Inference with llama-cpp and Docker

See the official Docker docs.
In theory, you could download any model and use the :full image to convert it too, but I took the lazy road and downloaded an already converted GGUF model.

Download models from Hugging face#

Make sure to download already compiled GGUF models

You can use git for downloading!
Set your SSH public key under HF settings then:

git clone [email protected]:TheBloke/Mistral-7B-Instruct-v0.2-GGUF

Pull just the model you want to run with:

git lfs install
git lfs pull --include "mistral-7b-instruct-v0.2.Q8_0.gguf"

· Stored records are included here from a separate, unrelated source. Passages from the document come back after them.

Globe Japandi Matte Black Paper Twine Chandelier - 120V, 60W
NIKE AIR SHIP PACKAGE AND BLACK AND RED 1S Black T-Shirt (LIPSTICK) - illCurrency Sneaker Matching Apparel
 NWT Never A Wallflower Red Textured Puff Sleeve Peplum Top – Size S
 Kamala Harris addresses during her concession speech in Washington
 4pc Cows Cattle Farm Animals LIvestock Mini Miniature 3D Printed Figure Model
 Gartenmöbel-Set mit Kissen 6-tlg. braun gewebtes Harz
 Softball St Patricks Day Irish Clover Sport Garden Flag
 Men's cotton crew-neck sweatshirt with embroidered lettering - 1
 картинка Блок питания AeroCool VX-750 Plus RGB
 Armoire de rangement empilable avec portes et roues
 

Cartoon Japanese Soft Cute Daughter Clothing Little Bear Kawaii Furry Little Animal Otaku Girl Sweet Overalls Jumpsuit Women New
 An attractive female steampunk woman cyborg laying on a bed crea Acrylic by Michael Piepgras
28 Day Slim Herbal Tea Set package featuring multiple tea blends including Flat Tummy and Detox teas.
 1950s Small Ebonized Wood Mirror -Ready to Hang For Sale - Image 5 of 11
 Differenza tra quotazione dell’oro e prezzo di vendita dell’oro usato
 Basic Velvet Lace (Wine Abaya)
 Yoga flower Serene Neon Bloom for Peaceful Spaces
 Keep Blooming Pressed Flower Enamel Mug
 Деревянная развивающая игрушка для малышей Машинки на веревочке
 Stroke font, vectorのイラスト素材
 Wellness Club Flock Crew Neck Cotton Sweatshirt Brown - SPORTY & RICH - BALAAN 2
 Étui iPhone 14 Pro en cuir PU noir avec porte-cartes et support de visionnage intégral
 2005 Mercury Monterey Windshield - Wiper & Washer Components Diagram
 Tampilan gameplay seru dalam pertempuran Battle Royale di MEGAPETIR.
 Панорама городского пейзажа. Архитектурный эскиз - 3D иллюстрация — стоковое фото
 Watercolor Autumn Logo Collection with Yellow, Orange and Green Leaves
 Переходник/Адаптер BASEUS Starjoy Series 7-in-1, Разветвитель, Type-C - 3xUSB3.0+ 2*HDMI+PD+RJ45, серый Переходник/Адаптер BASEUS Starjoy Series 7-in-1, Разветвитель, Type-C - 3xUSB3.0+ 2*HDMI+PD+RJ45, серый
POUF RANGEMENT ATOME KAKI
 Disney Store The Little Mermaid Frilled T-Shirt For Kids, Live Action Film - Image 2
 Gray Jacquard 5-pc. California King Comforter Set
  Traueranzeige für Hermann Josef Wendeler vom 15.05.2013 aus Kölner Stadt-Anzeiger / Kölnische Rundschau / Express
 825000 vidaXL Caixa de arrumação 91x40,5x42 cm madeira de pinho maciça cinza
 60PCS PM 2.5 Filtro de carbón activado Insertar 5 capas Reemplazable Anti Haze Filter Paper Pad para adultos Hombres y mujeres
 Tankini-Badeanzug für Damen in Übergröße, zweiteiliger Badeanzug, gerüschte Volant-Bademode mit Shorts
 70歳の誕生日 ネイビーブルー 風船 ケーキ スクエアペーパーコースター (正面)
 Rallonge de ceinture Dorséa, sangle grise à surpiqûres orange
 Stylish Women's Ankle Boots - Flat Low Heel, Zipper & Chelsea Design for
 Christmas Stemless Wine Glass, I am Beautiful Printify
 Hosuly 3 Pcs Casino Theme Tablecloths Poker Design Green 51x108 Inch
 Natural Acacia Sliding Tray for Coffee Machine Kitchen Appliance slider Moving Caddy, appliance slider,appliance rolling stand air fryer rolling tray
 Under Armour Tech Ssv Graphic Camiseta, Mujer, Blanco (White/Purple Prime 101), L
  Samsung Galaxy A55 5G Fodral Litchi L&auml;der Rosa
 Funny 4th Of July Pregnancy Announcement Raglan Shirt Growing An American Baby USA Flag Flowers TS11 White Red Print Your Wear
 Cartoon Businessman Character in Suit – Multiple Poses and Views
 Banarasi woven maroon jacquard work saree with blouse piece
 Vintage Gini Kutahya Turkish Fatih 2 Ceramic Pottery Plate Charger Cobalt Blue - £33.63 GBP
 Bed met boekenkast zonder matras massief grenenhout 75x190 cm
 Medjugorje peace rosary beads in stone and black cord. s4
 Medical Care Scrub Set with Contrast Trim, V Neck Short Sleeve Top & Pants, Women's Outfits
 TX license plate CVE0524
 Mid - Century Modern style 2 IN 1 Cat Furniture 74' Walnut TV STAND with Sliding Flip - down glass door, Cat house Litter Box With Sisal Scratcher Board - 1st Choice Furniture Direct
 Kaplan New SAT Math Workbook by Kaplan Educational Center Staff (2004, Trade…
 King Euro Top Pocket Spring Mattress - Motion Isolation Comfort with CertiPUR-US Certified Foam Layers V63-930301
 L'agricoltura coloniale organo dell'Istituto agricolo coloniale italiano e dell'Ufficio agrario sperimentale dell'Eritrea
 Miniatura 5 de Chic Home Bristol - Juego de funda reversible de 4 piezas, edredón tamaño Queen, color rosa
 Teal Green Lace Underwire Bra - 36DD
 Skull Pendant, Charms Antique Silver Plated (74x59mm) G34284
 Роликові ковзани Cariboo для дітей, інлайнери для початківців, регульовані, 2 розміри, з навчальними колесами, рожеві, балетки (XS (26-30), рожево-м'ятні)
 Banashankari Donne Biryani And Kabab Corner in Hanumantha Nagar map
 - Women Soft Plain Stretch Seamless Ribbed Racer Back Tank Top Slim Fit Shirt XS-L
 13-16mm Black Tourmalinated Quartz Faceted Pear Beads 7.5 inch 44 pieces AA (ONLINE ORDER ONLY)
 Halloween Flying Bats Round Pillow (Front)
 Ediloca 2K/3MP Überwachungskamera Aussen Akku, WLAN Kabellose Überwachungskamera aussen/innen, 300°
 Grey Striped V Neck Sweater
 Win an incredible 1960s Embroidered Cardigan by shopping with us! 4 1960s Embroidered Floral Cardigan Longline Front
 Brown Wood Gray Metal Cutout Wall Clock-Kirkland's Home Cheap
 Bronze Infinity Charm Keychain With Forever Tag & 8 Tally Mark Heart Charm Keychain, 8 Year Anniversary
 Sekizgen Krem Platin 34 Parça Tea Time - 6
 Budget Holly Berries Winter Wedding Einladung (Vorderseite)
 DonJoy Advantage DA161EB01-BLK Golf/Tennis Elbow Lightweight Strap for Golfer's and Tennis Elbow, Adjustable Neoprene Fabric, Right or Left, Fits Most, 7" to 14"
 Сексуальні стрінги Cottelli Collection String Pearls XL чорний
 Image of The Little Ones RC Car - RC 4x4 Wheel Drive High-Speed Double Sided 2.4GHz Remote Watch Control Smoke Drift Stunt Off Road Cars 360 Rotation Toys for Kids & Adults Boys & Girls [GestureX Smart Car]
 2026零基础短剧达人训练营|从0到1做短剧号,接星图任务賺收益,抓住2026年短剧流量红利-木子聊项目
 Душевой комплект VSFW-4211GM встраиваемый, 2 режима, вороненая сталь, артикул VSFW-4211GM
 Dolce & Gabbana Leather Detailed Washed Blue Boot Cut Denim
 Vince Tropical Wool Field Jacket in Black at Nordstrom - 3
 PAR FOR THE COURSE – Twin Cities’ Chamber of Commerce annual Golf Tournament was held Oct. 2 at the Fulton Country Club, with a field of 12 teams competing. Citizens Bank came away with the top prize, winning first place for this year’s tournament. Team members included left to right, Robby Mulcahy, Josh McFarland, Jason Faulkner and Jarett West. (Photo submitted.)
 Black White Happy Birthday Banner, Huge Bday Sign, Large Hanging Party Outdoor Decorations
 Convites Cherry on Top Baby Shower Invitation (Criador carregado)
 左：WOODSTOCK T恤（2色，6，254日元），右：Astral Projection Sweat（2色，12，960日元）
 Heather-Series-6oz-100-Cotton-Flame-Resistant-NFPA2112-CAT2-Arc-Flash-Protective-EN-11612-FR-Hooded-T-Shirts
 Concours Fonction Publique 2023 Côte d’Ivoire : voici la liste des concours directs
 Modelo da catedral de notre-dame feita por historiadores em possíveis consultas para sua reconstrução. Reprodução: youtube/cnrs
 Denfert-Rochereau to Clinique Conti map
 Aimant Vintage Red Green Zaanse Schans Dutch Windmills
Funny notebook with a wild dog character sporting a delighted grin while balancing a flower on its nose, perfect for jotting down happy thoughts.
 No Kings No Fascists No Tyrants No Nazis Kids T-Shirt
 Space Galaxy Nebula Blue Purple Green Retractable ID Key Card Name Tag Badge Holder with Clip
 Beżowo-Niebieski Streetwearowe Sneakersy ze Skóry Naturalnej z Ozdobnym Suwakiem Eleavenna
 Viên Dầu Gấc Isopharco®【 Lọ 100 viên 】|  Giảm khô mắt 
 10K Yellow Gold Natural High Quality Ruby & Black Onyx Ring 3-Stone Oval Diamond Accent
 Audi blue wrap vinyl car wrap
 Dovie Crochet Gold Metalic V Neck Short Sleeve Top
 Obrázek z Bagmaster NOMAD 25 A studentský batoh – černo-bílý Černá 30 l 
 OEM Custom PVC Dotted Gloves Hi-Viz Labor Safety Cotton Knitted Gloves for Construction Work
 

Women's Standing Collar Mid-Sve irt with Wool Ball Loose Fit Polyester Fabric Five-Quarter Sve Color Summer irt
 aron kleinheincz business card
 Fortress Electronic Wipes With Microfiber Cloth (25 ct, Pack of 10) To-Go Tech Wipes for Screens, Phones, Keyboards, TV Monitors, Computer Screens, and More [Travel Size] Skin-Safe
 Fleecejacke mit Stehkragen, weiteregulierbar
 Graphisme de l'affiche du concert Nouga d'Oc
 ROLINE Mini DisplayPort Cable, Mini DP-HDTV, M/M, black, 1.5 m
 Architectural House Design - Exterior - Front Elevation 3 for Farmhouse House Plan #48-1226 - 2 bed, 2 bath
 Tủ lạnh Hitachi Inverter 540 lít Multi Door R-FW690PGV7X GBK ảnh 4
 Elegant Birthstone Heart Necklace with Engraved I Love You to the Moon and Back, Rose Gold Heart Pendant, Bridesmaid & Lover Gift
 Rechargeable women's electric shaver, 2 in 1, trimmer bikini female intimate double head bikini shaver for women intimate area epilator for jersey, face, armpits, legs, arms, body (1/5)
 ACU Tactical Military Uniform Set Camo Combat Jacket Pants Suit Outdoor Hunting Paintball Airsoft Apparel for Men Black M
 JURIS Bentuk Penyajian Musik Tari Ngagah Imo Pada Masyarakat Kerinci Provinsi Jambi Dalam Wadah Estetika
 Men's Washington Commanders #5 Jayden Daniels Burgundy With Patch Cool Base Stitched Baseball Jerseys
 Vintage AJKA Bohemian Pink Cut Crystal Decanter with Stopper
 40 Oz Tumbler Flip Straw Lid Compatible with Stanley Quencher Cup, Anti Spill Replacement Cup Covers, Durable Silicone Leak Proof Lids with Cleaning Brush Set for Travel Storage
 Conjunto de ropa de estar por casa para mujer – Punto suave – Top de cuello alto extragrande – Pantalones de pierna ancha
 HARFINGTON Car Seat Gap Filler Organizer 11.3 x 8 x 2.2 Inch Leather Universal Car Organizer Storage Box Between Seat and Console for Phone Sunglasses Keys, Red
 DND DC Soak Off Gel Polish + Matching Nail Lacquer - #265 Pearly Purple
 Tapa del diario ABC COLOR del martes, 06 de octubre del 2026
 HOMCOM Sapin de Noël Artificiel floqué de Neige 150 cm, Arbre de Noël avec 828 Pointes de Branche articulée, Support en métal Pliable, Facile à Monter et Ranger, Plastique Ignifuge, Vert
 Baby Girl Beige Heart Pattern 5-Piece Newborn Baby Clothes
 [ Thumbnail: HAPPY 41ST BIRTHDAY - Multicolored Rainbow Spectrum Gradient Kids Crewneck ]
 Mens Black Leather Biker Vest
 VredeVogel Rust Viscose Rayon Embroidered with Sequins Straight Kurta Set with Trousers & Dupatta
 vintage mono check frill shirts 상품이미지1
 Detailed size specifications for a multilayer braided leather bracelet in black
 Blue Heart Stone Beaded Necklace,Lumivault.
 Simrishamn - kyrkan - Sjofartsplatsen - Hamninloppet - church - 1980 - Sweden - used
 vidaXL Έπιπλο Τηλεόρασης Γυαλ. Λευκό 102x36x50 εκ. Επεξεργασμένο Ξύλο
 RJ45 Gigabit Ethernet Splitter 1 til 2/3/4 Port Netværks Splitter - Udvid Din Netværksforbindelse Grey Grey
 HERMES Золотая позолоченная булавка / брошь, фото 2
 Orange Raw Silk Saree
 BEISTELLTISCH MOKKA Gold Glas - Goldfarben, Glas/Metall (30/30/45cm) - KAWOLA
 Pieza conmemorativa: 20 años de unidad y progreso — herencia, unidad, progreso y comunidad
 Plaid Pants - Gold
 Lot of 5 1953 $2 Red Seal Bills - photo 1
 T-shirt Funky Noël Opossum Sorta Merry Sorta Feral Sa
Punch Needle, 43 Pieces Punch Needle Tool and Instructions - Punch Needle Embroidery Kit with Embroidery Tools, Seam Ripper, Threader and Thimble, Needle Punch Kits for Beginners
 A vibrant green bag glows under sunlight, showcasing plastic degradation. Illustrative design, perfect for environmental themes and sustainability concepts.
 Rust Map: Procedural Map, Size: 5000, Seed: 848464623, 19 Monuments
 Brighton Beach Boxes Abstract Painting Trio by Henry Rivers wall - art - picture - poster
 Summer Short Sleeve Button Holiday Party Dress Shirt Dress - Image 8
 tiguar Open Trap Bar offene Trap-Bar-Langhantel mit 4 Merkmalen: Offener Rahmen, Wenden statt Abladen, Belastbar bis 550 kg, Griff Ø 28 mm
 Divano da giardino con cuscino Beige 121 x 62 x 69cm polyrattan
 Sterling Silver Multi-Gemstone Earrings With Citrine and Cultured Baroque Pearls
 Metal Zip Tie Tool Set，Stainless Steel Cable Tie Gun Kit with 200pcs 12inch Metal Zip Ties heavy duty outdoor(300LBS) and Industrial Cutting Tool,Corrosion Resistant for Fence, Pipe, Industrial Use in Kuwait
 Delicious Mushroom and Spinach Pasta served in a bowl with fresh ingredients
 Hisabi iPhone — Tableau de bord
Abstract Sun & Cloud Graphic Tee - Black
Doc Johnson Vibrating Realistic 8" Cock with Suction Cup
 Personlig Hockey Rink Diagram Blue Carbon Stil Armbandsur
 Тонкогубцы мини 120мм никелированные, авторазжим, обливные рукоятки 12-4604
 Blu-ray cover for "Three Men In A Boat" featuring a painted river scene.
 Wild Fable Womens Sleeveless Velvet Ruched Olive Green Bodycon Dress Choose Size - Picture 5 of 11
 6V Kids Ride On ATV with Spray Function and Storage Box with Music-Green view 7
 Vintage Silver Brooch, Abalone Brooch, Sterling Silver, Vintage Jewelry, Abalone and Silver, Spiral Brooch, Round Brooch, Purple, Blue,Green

Optional: convert model if not in GGUF format#

docker run -v ${PWD}:/models ghcr.io/ggerganov/llama.cpp:full --convert /models/

You can also select the output format between: ["f32", "f16", "bf16", "q8_0", "tq1_0", "tq2_0", "auto"] ex: --outtype q8_0

Run llama.cpp server#

docker run --rm -d --name llama-mistral --gpus=all -p 8000:8000 -v ~/hf-models:/models ghcr.io/ggerganov/llama.cpp:server-cuda -m /models/Mistral-7B-Instruct-v0.2-GGUF/mistral-7b-instruct-v0.2.Q8_0.gguf --port 8000 --host 0.0.0.0 --n-gpu-layers 100 --ctx-size 4096

See all the possible CLI params here: https://github.com/ggerganov/llama.cpp/tree/master/examples/server

Tweak --n-gpu-layers based on your available GPU VRAM.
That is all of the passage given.